TL;DR
This paper introduces a novel coupled dictionary learning method for multi-contrast MRI reconstruction that leverages guidance contrast to improve image quality, demonstrating superior results over existing techniques.
Contribution
The proposed approach uniquely combines coupled dictionary learning, sparse denoising, and k-space consistency to enhance multi-contrast MRI reconstruction using guidance contrast.
Findings
Improved MRI reconstruction quality with guidance contrast.
Outperforms state-of-the-art methods in numerical experiments.

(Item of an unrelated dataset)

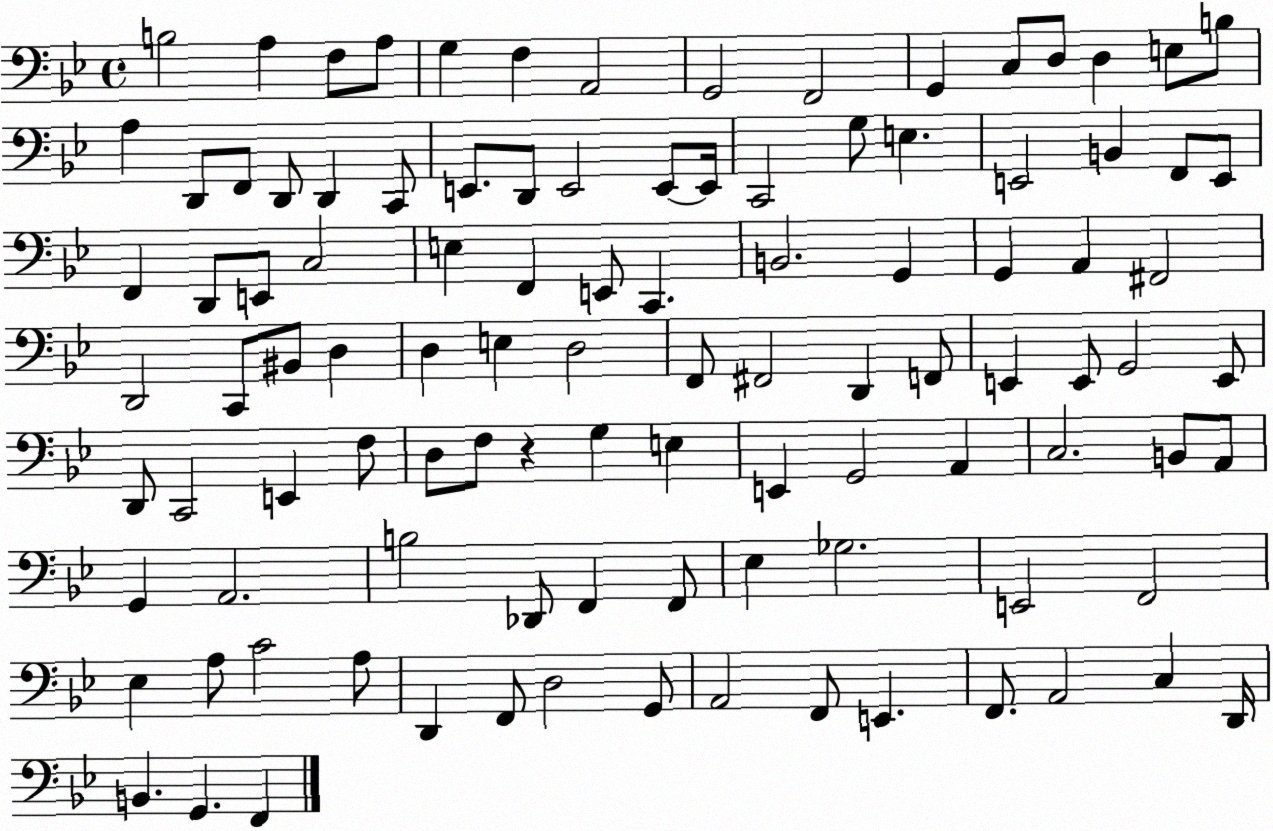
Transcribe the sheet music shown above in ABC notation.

Effective in handling under-sampled clinical MRI data.
Abstract
Medical imaging tasks often involve multiple contrasts, such as T1- and T2-weighted magnetic resonance imaging (MRI) data. These contrasts capture information associated with the same underlying anatomy and thus exhibit similarities. In this paper, we propose a Coupled Dictionary Learning based multi-contrast MRI reconstruction (CDLMRI) approach to leverage an available guidance contrast to restore the target contrast. Our approach consists of three stages: coupled dictionary learning, coupled sparse denoising, and -space consistency enforcing. The first stage learns a group of dictionaries that capture correlations among multiple contrasts. By capitalizing on the learned adaptive dictionaries, the second stage performs joint sparse coding to denoise the corrupted target image with the aid of a guidance contrast. The third stage enforces consistency between the denoised image and the…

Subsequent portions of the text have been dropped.